§ What the task requires
Your job is to give again, exactly and with no additions, the lines in the records below from the one with "patika ortaya açık bakım erişim delik" through the one with "Land Rover LR2 Hse Image 8", both included. Omit the pictures.

§ Working data
━━━━━━━━

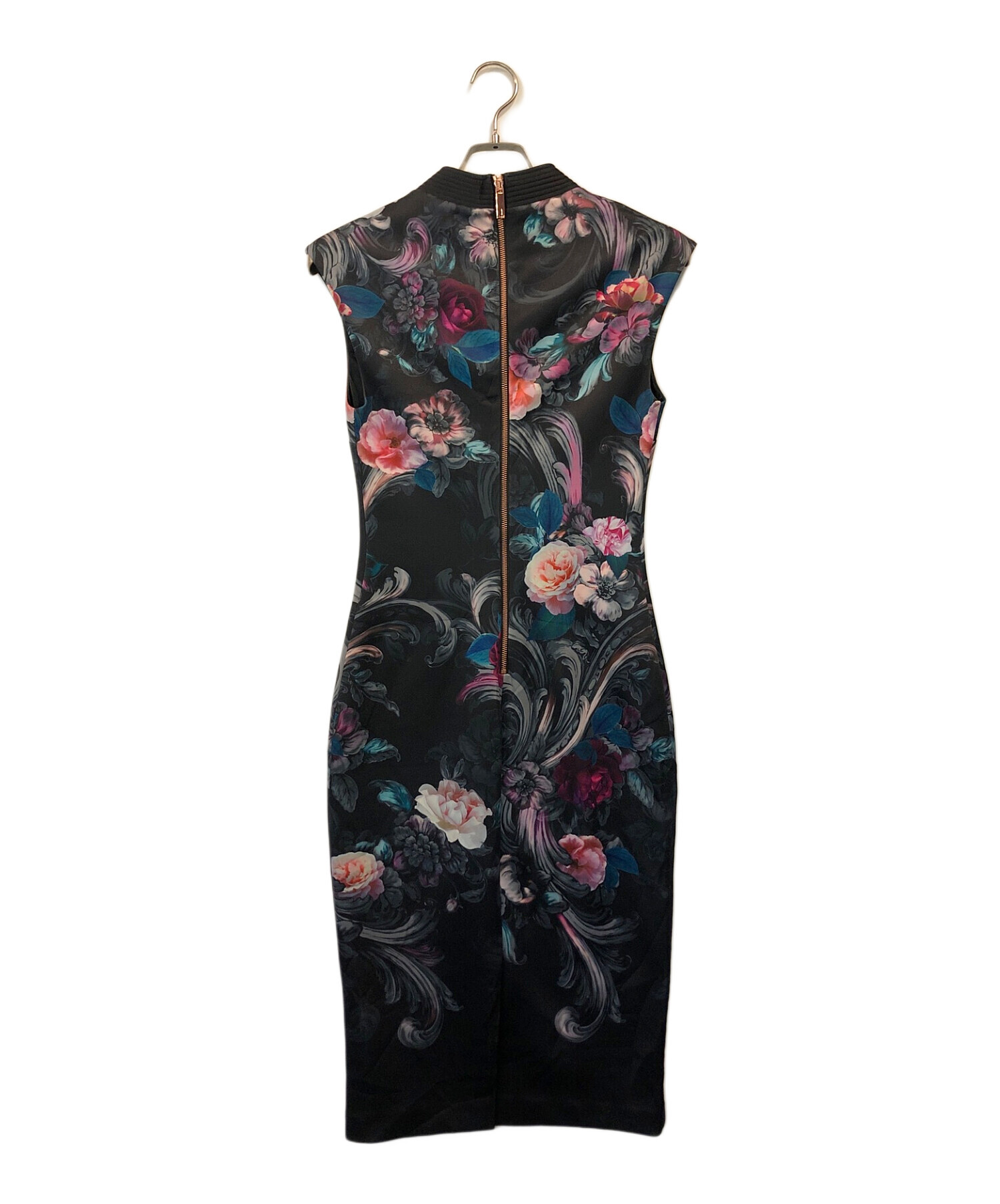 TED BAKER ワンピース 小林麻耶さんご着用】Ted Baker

━━━━━━━━

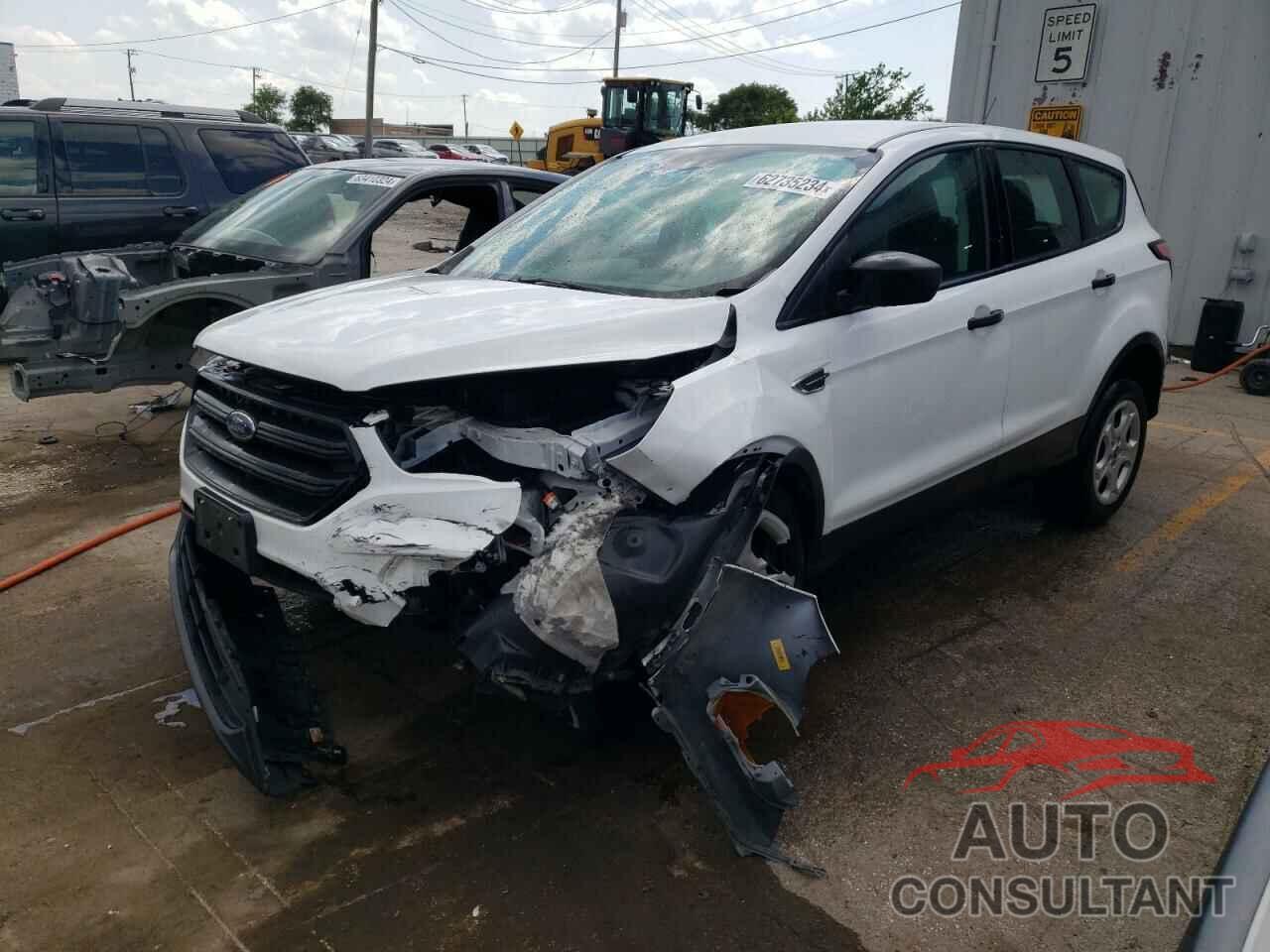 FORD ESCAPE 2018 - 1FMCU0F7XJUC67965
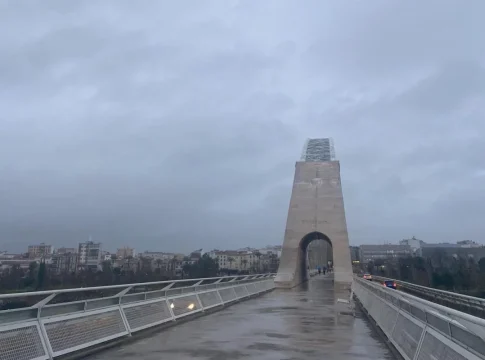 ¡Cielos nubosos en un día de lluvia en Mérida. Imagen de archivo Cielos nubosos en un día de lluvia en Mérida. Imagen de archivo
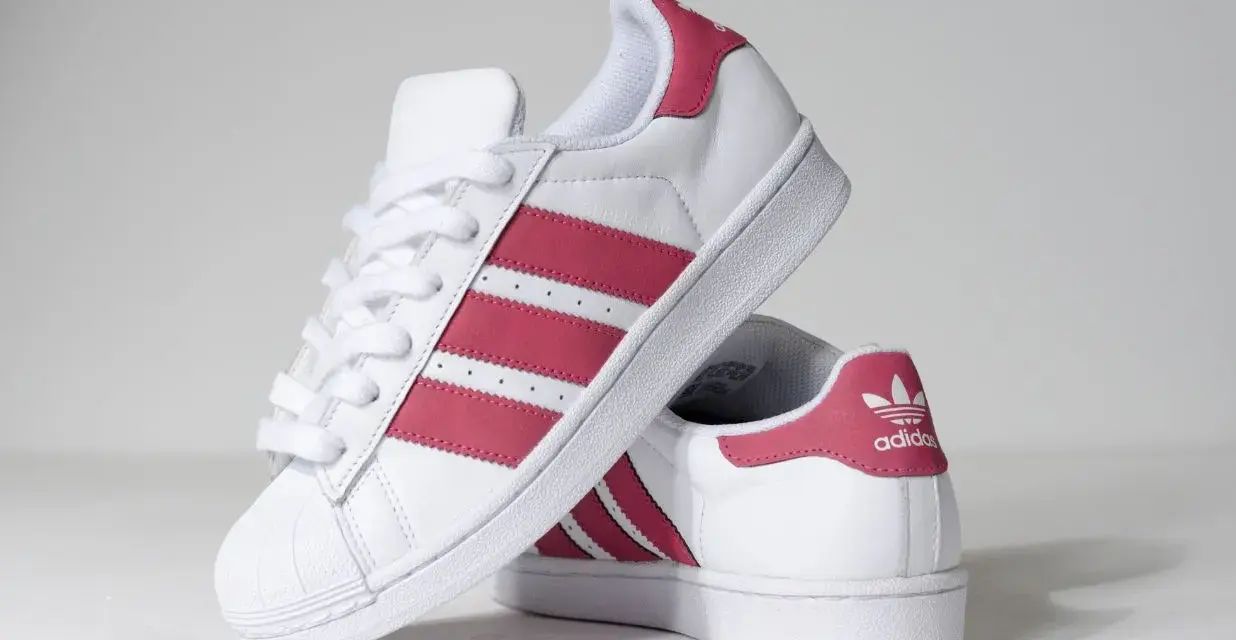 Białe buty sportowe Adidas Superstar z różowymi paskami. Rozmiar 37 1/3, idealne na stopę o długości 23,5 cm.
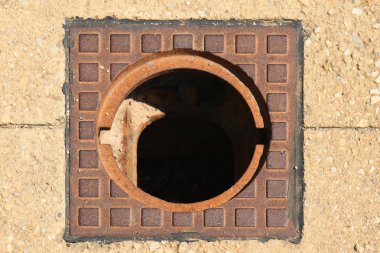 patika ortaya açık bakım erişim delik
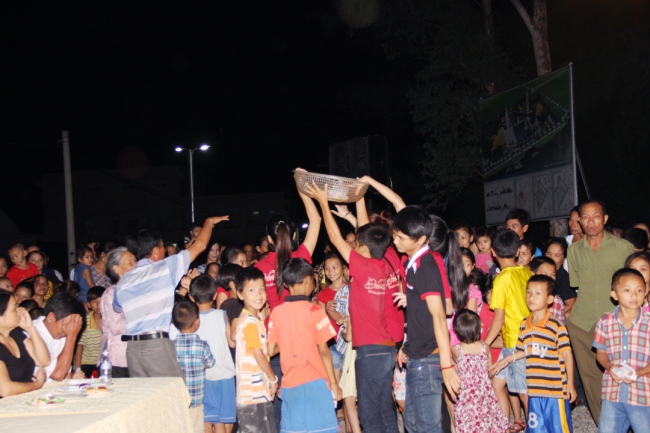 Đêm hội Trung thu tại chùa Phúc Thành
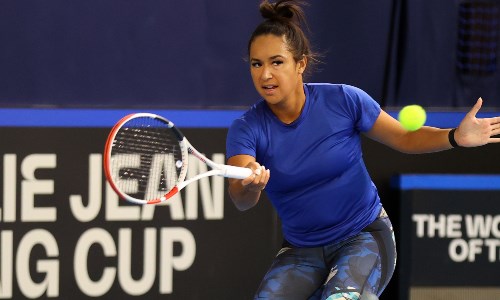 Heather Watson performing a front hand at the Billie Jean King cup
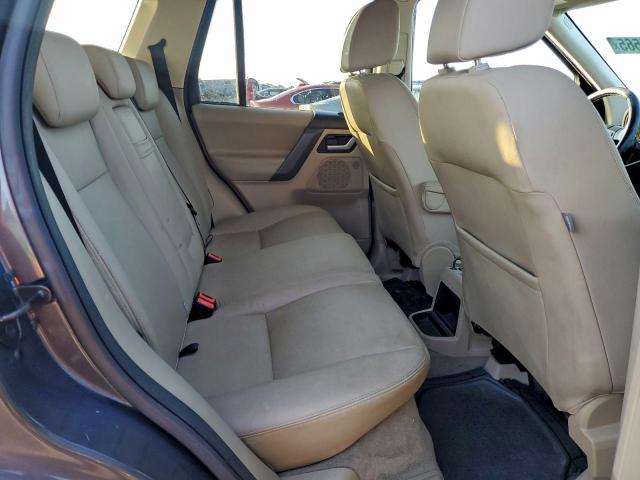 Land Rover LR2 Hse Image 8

━━━━━━━━

§ Your solution
 patika ortaya açık bakım erişim delik
 Đêm hội Trung thu tại chùa Phúc Thành
 Heather Watson performing a front hand at the Billie Jean King cup
 Land Rover LR2 Hse Image 8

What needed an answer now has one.